▶ [ACTIVITY] Please repeat exactly the lines below from the one containing "Used Toyota AYGO" down to the one containing "Elastik renkli elastik", both included, and nothing else.
-------
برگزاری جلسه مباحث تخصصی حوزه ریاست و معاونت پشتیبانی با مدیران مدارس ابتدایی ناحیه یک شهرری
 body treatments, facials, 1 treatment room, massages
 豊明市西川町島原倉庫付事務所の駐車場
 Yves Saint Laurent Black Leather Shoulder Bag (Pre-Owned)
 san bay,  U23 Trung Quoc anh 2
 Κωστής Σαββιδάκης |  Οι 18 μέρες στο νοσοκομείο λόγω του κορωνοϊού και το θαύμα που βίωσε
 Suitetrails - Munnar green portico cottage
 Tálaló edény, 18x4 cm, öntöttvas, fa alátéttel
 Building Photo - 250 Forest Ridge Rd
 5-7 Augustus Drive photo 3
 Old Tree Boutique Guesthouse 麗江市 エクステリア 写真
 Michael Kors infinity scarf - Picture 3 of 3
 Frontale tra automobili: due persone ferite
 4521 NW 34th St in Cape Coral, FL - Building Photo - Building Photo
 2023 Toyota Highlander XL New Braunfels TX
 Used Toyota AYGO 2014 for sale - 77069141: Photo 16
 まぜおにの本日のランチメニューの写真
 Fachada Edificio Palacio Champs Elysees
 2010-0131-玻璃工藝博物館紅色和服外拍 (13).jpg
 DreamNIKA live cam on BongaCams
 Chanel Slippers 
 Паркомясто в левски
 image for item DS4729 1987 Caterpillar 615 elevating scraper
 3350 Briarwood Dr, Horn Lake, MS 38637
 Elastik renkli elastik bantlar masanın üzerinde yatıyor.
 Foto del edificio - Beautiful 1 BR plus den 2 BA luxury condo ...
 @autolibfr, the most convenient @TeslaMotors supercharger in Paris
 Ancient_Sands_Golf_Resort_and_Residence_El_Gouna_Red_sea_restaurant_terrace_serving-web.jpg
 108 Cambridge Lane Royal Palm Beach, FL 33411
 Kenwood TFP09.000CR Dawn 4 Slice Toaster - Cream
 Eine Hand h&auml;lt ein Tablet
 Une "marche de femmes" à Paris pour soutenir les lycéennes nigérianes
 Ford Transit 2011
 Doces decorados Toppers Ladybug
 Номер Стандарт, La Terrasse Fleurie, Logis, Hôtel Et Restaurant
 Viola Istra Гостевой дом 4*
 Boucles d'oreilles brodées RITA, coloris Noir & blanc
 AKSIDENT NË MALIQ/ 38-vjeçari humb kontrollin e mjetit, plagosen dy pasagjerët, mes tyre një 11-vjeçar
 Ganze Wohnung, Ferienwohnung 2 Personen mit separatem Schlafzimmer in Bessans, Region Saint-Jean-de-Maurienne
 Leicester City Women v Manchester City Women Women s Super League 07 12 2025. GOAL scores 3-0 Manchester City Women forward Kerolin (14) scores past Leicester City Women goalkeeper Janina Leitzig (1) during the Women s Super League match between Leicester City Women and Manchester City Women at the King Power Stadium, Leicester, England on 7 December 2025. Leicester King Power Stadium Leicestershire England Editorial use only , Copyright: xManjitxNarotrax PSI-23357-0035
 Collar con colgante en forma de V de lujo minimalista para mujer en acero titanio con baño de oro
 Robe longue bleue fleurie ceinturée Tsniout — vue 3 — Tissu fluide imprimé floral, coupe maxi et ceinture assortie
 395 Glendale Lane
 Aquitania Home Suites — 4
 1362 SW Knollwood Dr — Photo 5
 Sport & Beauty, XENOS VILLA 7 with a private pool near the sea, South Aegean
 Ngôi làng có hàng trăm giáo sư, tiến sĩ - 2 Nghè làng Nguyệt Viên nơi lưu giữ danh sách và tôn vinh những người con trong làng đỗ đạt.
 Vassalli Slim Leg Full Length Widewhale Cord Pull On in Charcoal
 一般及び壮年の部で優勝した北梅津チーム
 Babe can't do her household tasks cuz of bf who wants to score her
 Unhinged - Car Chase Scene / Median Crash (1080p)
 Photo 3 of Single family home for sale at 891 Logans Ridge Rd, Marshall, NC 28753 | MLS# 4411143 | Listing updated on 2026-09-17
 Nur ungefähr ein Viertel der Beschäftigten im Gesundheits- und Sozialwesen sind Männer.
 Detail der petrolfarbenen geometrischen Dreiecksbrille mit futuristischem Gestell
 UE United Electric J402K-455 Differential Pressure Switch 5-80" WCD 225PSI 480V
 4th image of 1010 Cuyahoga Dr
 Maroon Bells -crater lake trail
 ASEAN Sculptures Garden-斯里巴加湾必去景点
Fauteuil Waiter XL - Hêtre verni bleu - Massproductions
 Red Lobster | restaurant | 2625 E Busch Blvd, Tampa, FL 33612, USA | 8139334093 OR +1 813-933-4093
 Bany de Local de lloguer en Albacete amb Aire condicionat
-------
▶ [SOLUTION TO THIS EXERCISE]
 Used Toyota AYGO 2014 for sale - 77069141: Photo 16
 まぜおにの本日のランチメニューの写真
 Fachada Edificio Palacio Champs Elysees
 2010-0131-玻璃工藝博物館紅色和服外拍 (13).jpg
 DreamNIKA live cam on BongaCams
 Chanel Slippers 
 Паркомясто в левски
 image for item DS4729 1987 Caterpillar 615 elevating scraper
 3350 Briarwood Dr, Horn Lake, MS 38637
 Elastik renkli elastik bantlar masanın üzerinde yatıyor.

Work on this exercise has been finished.